Any indication in this Announcement of the price at which ordinary shares have been bought or sold in the past cannot be relied upon as a guide to future performance. No statement in this Announcement is intended as a profit forecast or estimate for any period and no statement in this Announcement should be interpreted to mean that earnings, earnings per share or income, cash flow from operations or free cash flow for the Company, as appropriate, for the current or future years would necessarily match or exceed the historical published earnings, earnings per share or income, cash flow from operations or free cash flow for the Company.
Each of the Banks are authorised by the Prudential Regulatory Authority and regulated in the United Kingdom by the Prudential Regulation Authority, and each of the Banks and Evercore are regulated in the United Kingdom by the Financial Conduct Authority. Each of the Banks and Evercore is acting exclusively for the Company and no one else in connection with the Placing, the content of this Announcement and other matters described in this Announcement. The Banks and Evercore will not regard any other person as their respective clients in relation to the Placing, the content of this Announcement and other matters described in this Announcement and will not be responsible to anyone (including any placees) other than the Company for providing the protections afforded to their respective clients or for providing advice to any other person in relation to the Placing, the content of this Announcement or any other matters referred to in this Announcement.
In connection with the Placing, each of the Banks and Evercore and any of their affiliates, acting as investors for their own account, may take up a portion of the shares in the Placing as a principal position and in that capacity may retain, purchase, sell, offer to sell for their own accounts such shares and other securities of the Company or related investments in connection with the Placing or otherwise. Accordingly, references to Placing Shares being offered, acquired, placed or otherwise dealt in should be read as including any issue or offer to, or acquisition, placing or dealing by, each of the Banks and Evercore and any of their affiliates acting in such capacity. In addition, each of the Banks and Evercore and any of their affiliates may enter into financing arrangements (including swaps, warrants or contracts for differences) with investors in connection with which each of the Banks and Evercore and any of their respective affiliates may from time to time acquire, hold or dispose of shares. None of the Banks or Evercore intend to disclose the extent of any such investment or transactions otherwise than in accordance with any legal or regulatory obligations to do so.

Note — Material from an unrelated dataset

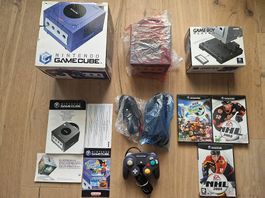 Gamecube OVP + GameboyPlayer OVP & 3 Spiele OVP CIB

Each of the Banks, Evercore and their respective affiliates may have engaged in transactions with, and provided various commercial banking, investment banking, financial advisory transactions and services in the ordinary course of their business with the Company and/or its affiliates for which they would have received customary fees and commissions. Each of the Banks, Evercore and their respective affiliates may provide such services to the Company and/or its affiliates in the future.
Neither the content of the Company's website (or any other website) nor the content of any website accessible from hyperlinks on the Company's website (or any other website) is incorporated into or forms part of this Announcement. The Placing Shares to be issued or sold pursuant to the Placing will not be admitted to trading on any stock exchange other than the London Stock Exchange.